A loop is just a backward branch
Up to now control has only flowed downhill toward blr. A loop bends that line back on itself with a single branch that jumps backwards, letting the same instructions run more than once. Watch how MWCC threads a for loop. You enter at a b that skips ahead to the comparison; the comparison decides whether any work remains, and when it passes, control drops into the body. The body runs, bumps the counter, and lands back on that same comparison. Since the test is the first thing reached, the body can run zero times when the count begins empty. That early check is why people call the loop pre-tested even though the compare physically sits at the bottom; the jump-first wiring just makes it behave as if the test came first.
Take squares(n), which totals the integers from 1 up through n:
li r0, 0 # s = 0
li r4, 1 # i = 1
b test # jump straight to the test (pre-test)
body:
add r0, r0, r4 # s += i
addi r4, r4, 1 # i++
test:
cmpw r4, r3 # i <= n ?
ble+ body # if so, go round again
mr r3, r0 # return s
blr
The counter driving all this, i over in r4, is the loop's induction variable. And notice where the test lands, down at the bottom, reached first by way of that leading b, which is exactly why an n under 1 leaves the body untouched. Your own sum counts from 0 rather than 1 and quits one short of n instead of including it, so its starting value and its test won't match the ones here.
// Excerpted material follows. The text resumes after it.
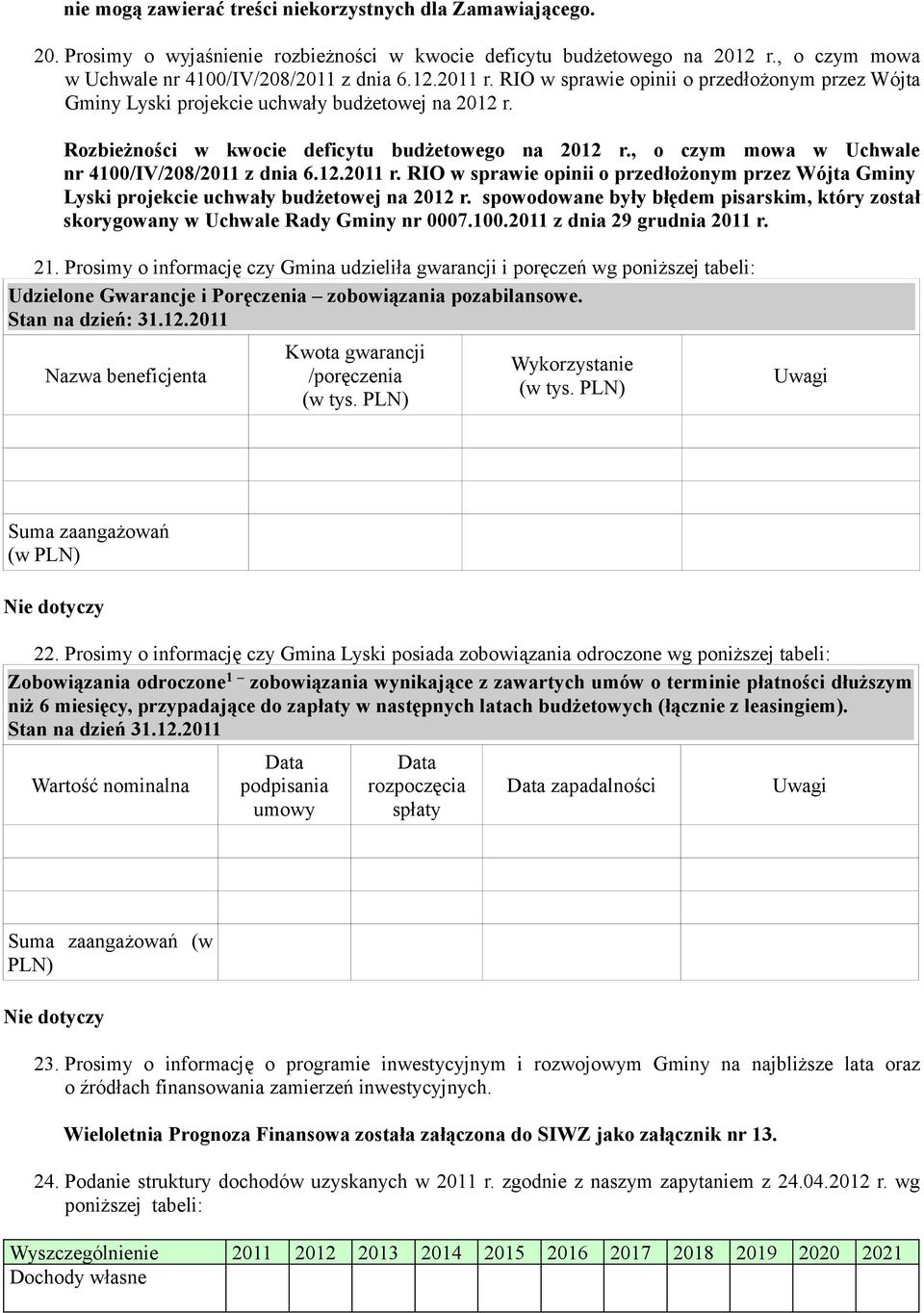, o czym mowa w Uchwale nr 4100/IV/208/2011 z dnia 6.12.2011 r. RIO w sprawie opinii o przedłożonym przez Wójta Gminy Lyski projekcie uchwały budżetowej na 2012 r.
A note on optimization. Turn the dial up to the project's real -O4,p and MWCC unrolls this little sum into a sprawling pipelined mess, having figured out the trip count in advance. To keep the skeleton legible, we back the optimizer off by one notch with #pragma optimization_level 1. Don't drop that pragma; it's genuinely part of the target.
Your task
Write sum, returning the sum 0 + 1 + ... + (n-1).